Supprimer l’imposition de l’outil de travail?

mercredi, 06.03.2019

Cyril Schaer*

Cyril Schaer

Une initiative parlementaire a été déposée qui demande de modifier la loi sur l’harmonisation des impôts directs des cantons et des communes (LHID) en vue d’alléger ou d’exonérer les participations dans les sociétés représentant l’outil de travail du contribuable. La commission du Conseil national a décidé d’y donner suite à une forte majorité, celle du Conseil des Etats doit maintenant se prononcer.

C’est désormais un fait difficilement contestable: l’imposition de la fortune en Suisse romande, en particulier des actions d’une entreprise détenues par son dirigeant, est à ce point forte qu’elle pourrait être considérée comme confiscatoire. Avec des taux maximum de respectivement 1.01% et 0.79%, le canton de Genève et le canton de Vaud sont les deux cantons suisses qui imposent le plus lourdement les fonds investis dans l’entreprise en tant qu’outil de travail. L’initiative parlementaire 17.522, déposée fin 2017, demande que l’outil de travail ne soit plus soumis à l’impôt sur la fortune, à tout le moins que les start-up et les PME novatrices disposent de meilleures conditions d’imposition. Concrètement, elle prévoit que certaines dispositions de la LHID soient adaptées en permettant aux cantons de soumettre à des règles particulières ou d’exonérer les participations dans les sociétés représentant l’outil de travail du contribuable. En cas de barème spécifique, la fortune représentée par l’outil de travail serait imposée séparément des autres éléments de fortune, et ne serait pas prise en compte pour la détermination du taux applicable aux autres éléments de fortune. Les cantons pourraient enfin prévoir des méthodes d’évaluation différentes comme une évaluation à la valeur nominale.

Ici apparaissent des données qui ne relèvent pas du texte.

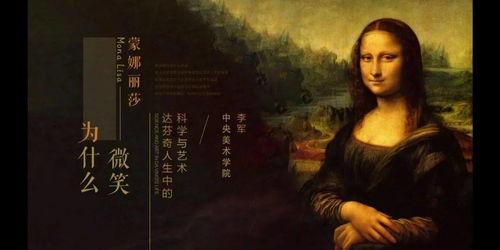 蒙娜丽莎吃瓜视频  第3张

Cette démarche au niveau fédéral autoriserait les cantons à aménager leur législation pour favoriser la détention d’entreprise. Il faudra ensuite que, dans chaque canton, des démarches spécifiques soient entreprises pour concrétiser l’allégement de l’imposition.

La problématique liée à l’impôt sur la fortune est à l’évidence bien plus sensible en Suisse romande, du fait des taux élevés qui y sont appliqués. En Suisse alémanique, l’impôt sur la fortune est à ce point inférieur à celui prélevé dans le canton de Genève ou le canton de Vaud qu’il apparaît moins urgent de prévoir des dispositions spécifiques à l’outil de travail. Il n’en demeure pas moins que la possibilité de prévoir des allégements dans les cantons mérite d’être inscrite dans la LHID. Le Conseil fédéral a par ailleurs reconnu en mars 2017 «qu’il vaut la peine d’envisager un allègement supplémentaire de l’impôt sur les fonds propres et la fortune, qui entament la substance de l’entreprise et donnent ainsi de mauvaises incitations économiques». Dans ce sens, le fait que la commission du Conseil national appuie l’initiative est un signal encourageant, a fortiori lorsque cette même commission considère qu’une action immédiate est nécessaire. On relèvera aussi que la commission se déclare favorable à une solution facultative pour les cantons, qui touche non seulement les start-up, mais aussi les PME.

Il convient maintenant que la commission du Conseil des Etats suive celle du Conseil national; la souplesse prévue par la démarche parlementaire devrait être de nature à faciliter une décision qui permette enfin d’alléger la fiscalité de l’outil de travail.